Diagnostic Criteria and Differential Diagnosis
Recently, the ICDC  for AIP were developed to diagnose AIP safely, avoid misdiagnosing pancreatic cancer as AIP, and diagnose AIP when it presents acutely. The criteria for type 1 and type 2 AIP were developed independently, and the diagnosis of AIP is made based on one or more of the following cardinal features: imaging characteristics of the pancreatic parenchyma and pancreatic duct, serology, other organ involvement, pancreatic histology, and the optional criterion of response to steroid therapy. Each feature has been categorized as either level 1 or 2 depending on its diagnostic reliability.
The most important disease to rule out when considering a diagnosis of AIP is pancreatic cancer. CT findings (a capsule-like rim, delayed enhancement of the swollen pancreas, and presence of extrapancreatic lesions) and ERP findings (≥3-cm-long narrowed main pancreatic duct, maximal upstream main pancreatic duct <5 mm, side branch derivation from the narrowed portion, and skipped lesions) suggest AIP rather than pancreatic cancer [33, 35, 40]. However, especially in segmental-type AIP, a histological approach with endoscopic ultrasound-guided fine-needle aspiration (EUS-FNA) plays an important role in confirming the diagnosis and excluding malignancy . IgG4-immunostaining of biopsy specimens taken from the major duodenal papilla of AIP patients is useful to support the diagnosis of AIP [41–43].

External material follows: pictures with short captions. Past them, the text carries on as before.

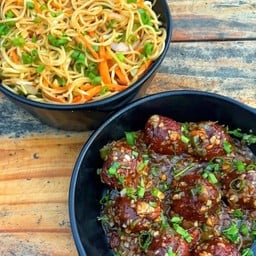 Set Hakka noodle with veggie Manchurian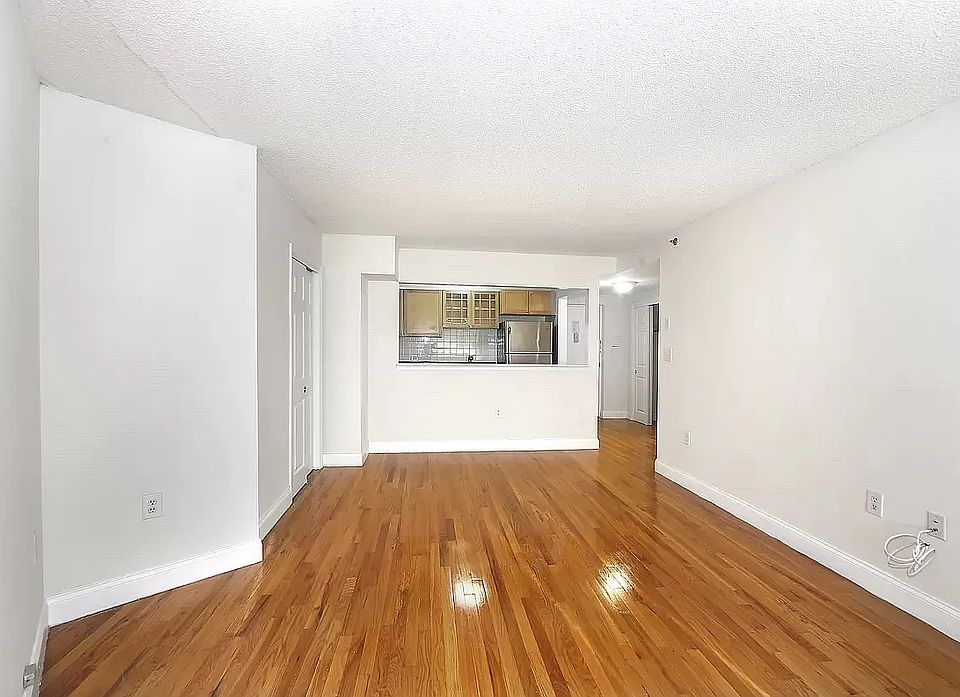 1st image of 3880 Orloff Ave APT 4I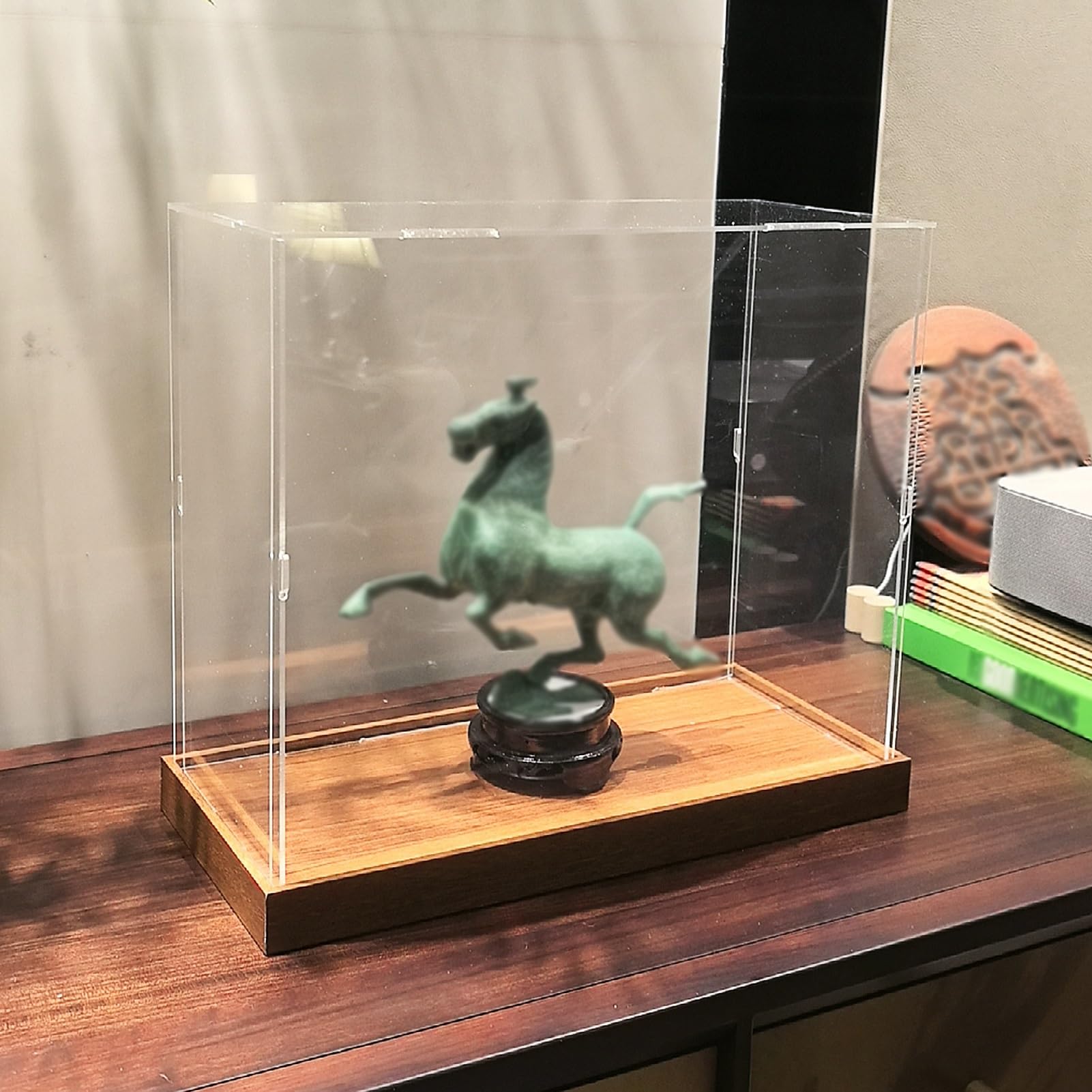 Vitrine Acrylique Transparente Avec Base Bois – Pour Exposer Vos Collections Sans Poussière !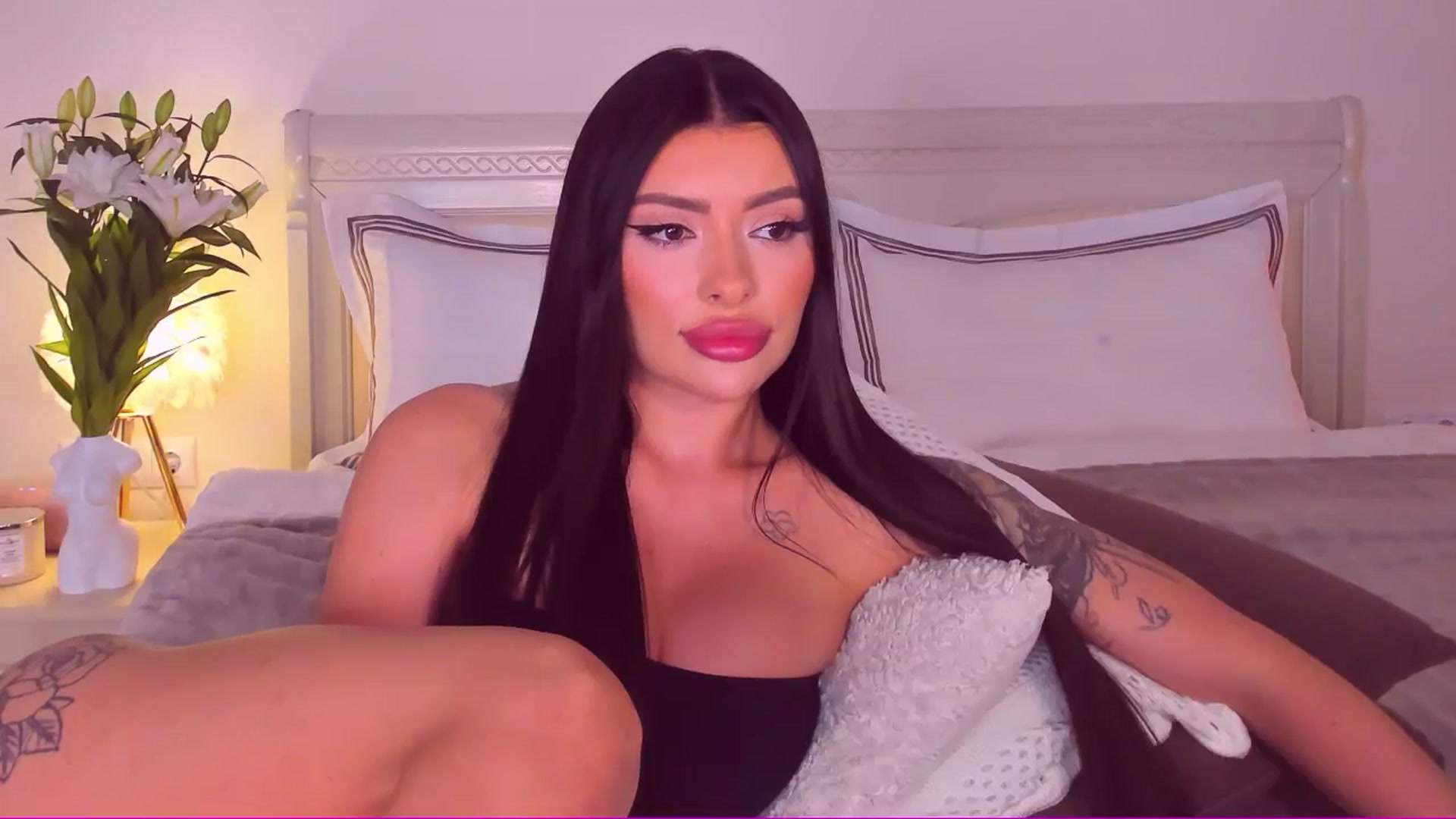 Gallery image thumbnail from Mary_Harris_'s myfreecams stream on, 06/30/2024, 24:16 image 6 of 20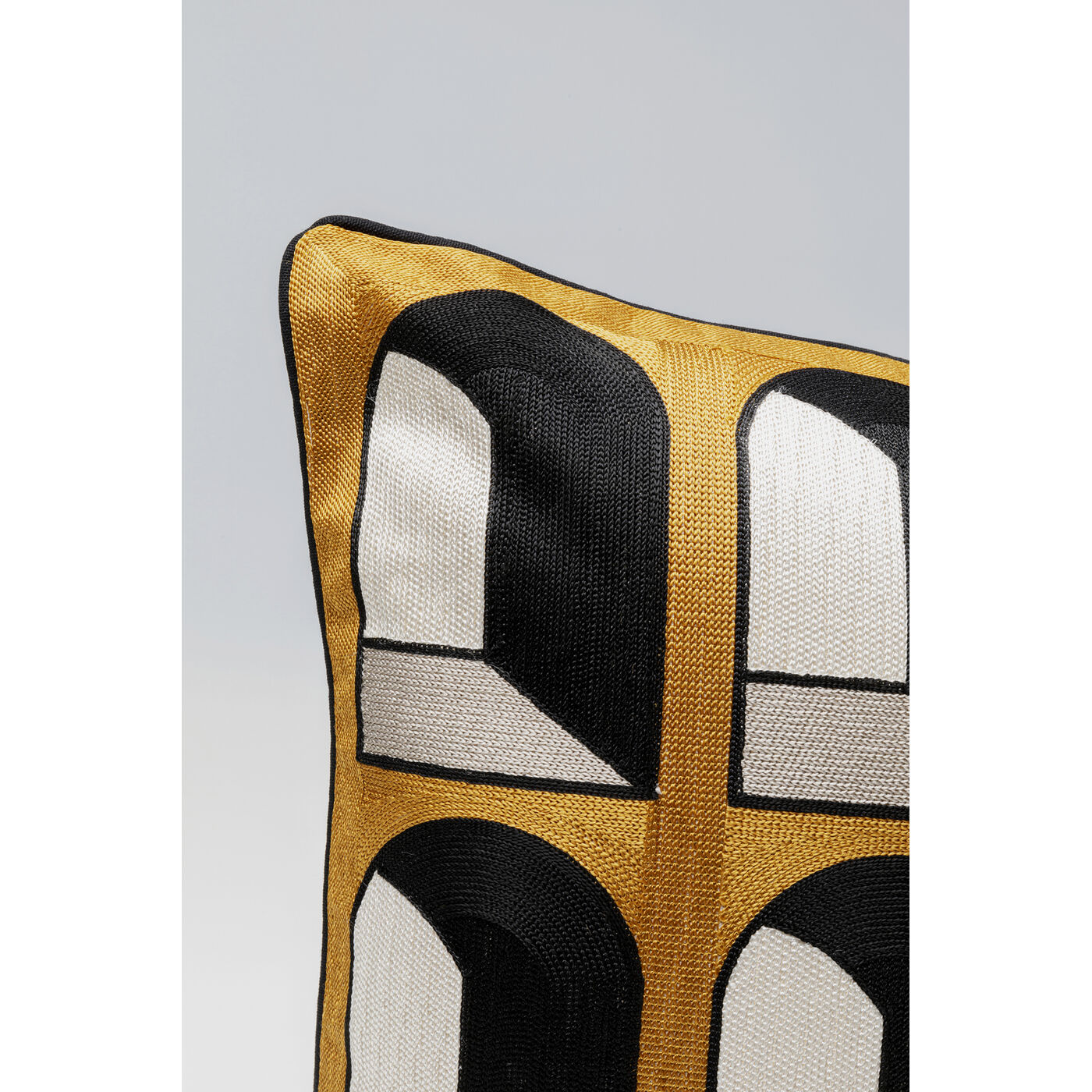 Подушка Coloseo «Колизей» 50x50 см от KARE Design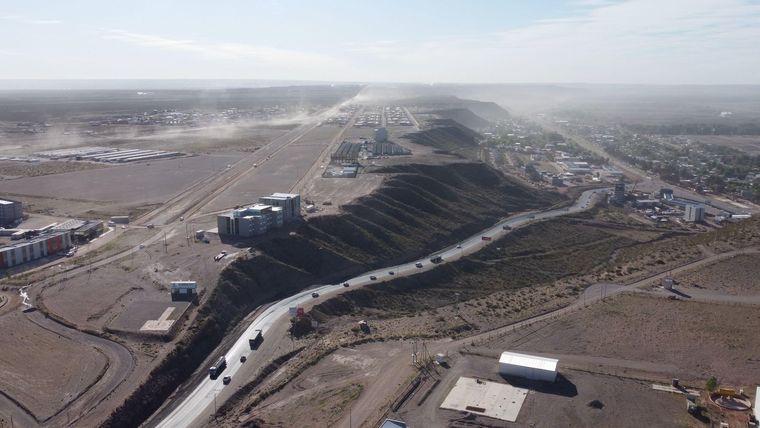 Una de las dos rutas que unen el casco histórico (der.) con la nueva ciudad en la meseta (izq.).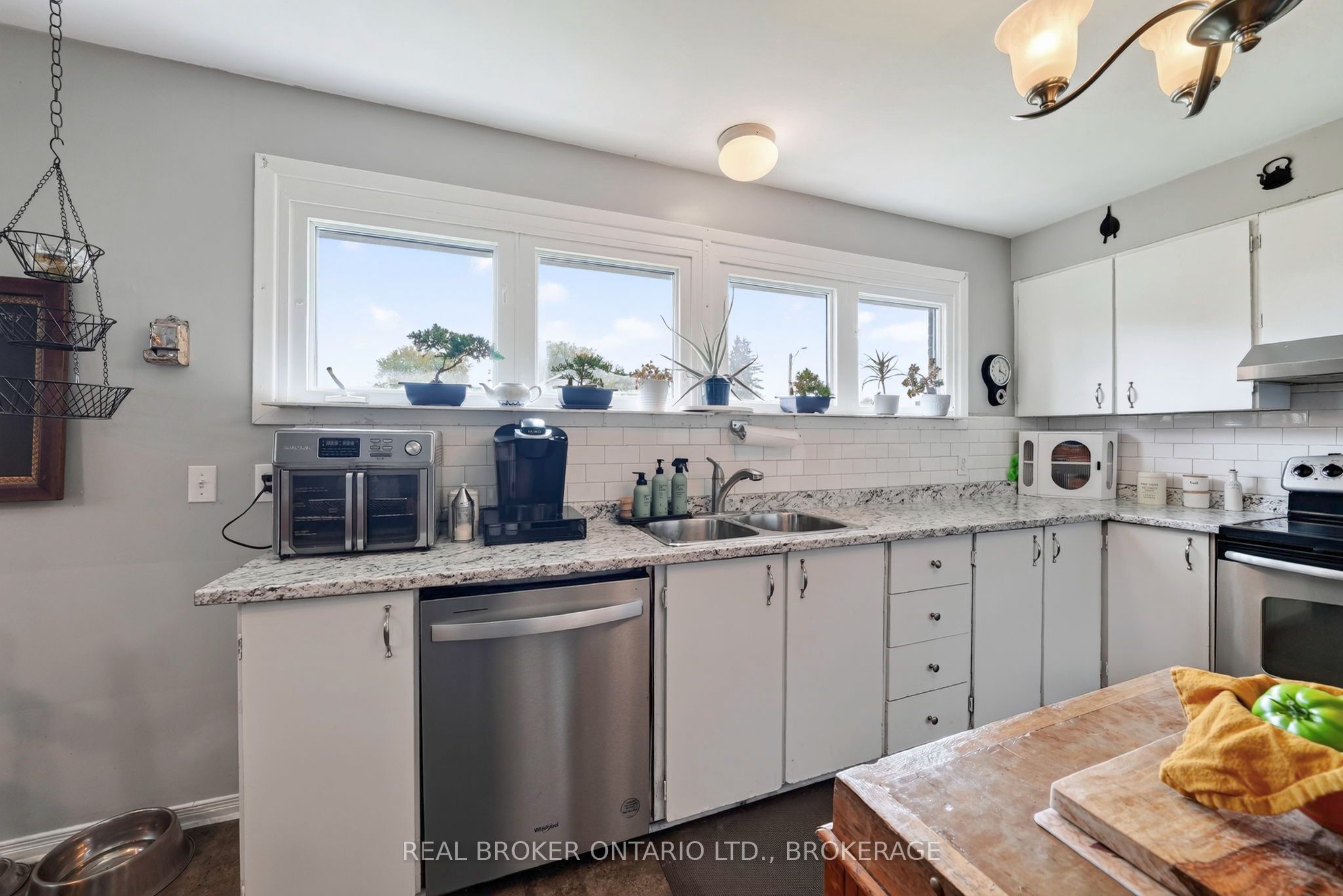 15 Gray Avenue Property Photo 23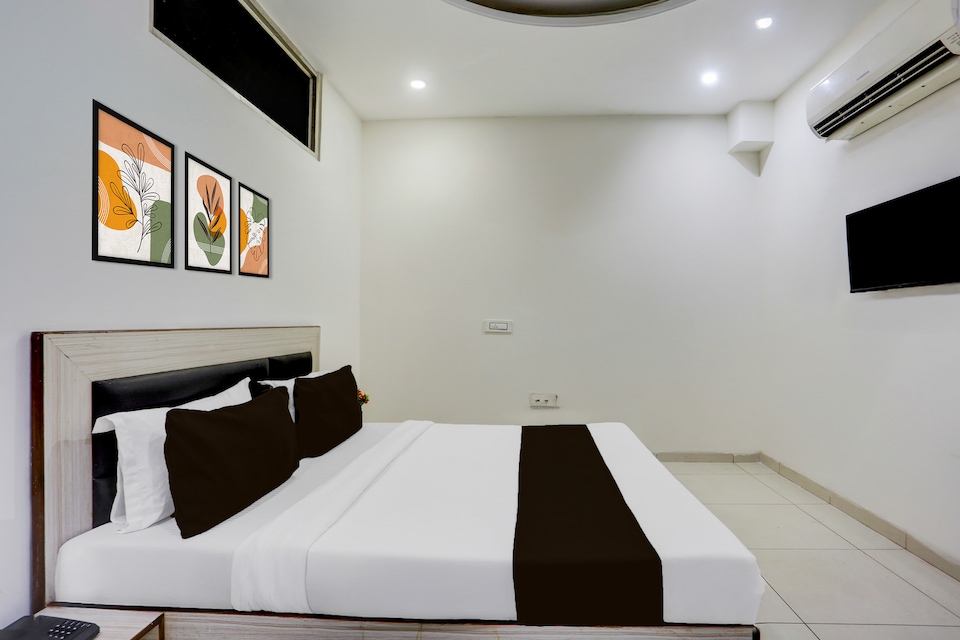 Super Hotel O Lohgarh Road Zirakpur Formerly JB Plaza, Zirakpur, Zirakpur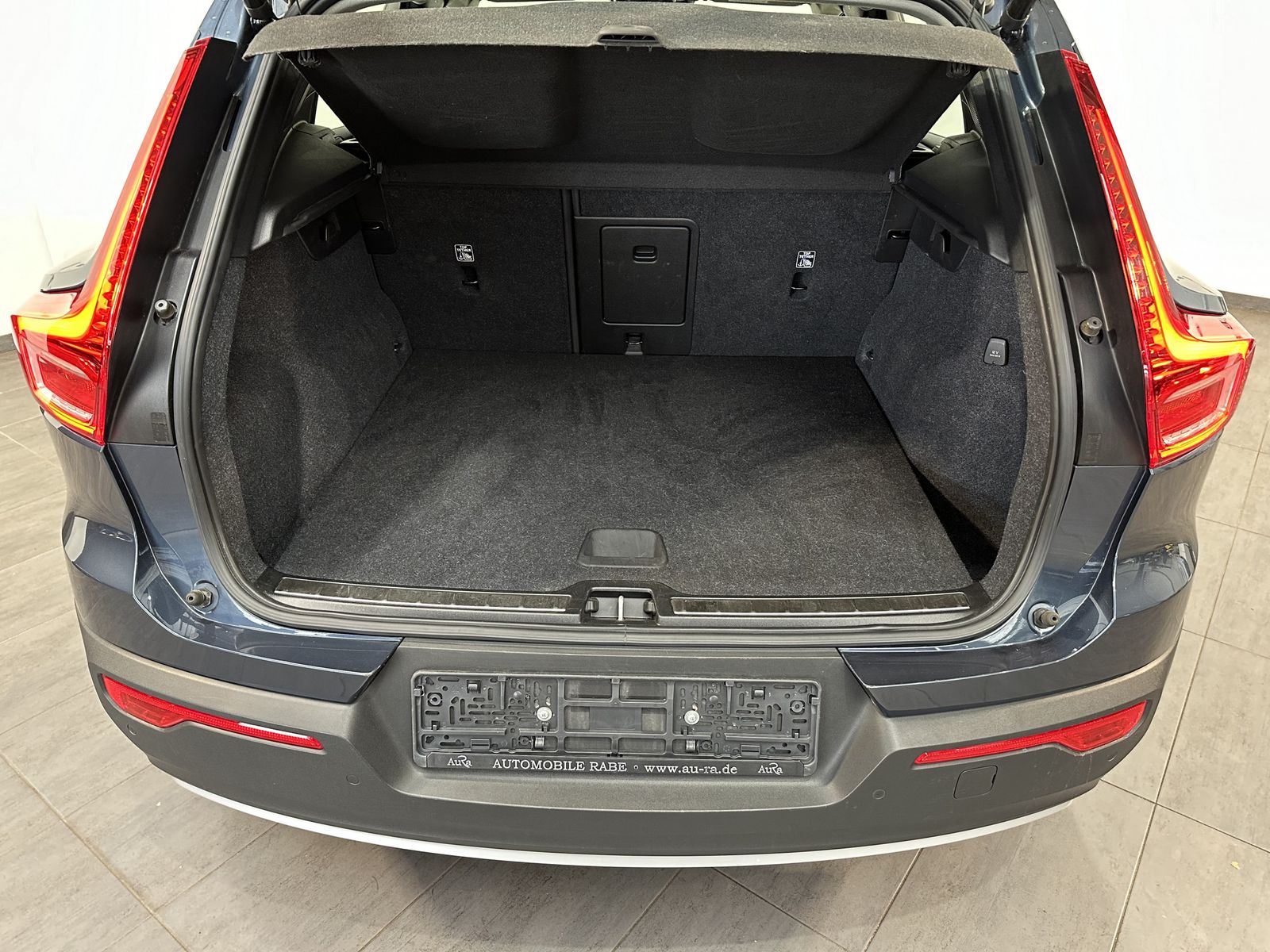 Fahrzeugabbildung Volvo XC40 T4 Recharge Inscription NAV+LED+KAM+PANO+VC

Although spontaneous improvement of AIP is seen in some patients, the standard therapy for AIP is oral steroid [17, 44, 45]. It is vitally important to distinguish AIP from pancreatic cancer before steroid therapy is started. In the Japanese standard regimen [44, 45] of steroid therapy for AIP, the indications for steroid therapy are principally symptoms such as obstructive jaundice and hydronephrosis. Before steroid therapy, the blood glucose level should be controlled using insulin in patients with DM, and in patients with obstructive jaundice, the jaundice is usually managed by endoscopic or transhepatic biliary drainage. The recommended initial dose of oral prednisolone is 0.6 mg/kg/day. Morphological and serological evaluations of the effectiveness of steroid treatment are performed 2 weeks after its start. A poor response to steroid therapy should raise the possibility of pancreatic cancer and the need to reevaluate the diagnosis. When steroid therapy is effective, the steroid dose is tapered by 5 mg every 1–2 weeks to a maintenance dose over a period of 3–6 months, while the patient’s symptoms, as well as the biochemical, serological, and imaging findings, are carefully monitored. Relapses of AIP are frequent (around 30 %) [19, 20]. To prevent relapse, steroid maintenance therapy (5 mg/day) is recommended for at least about 6 months. Predictors of disease relapse include the presence of proximal bile duct involvement [20, 46] and persistent elevation of serum IgG4 levels . In relapsed cases, re-administration or dose-up of steroid [17, 44, 45] and administration of immunosuppressive drugs such as azathioprine [47, 48] or rituximab [48, 49] are effective.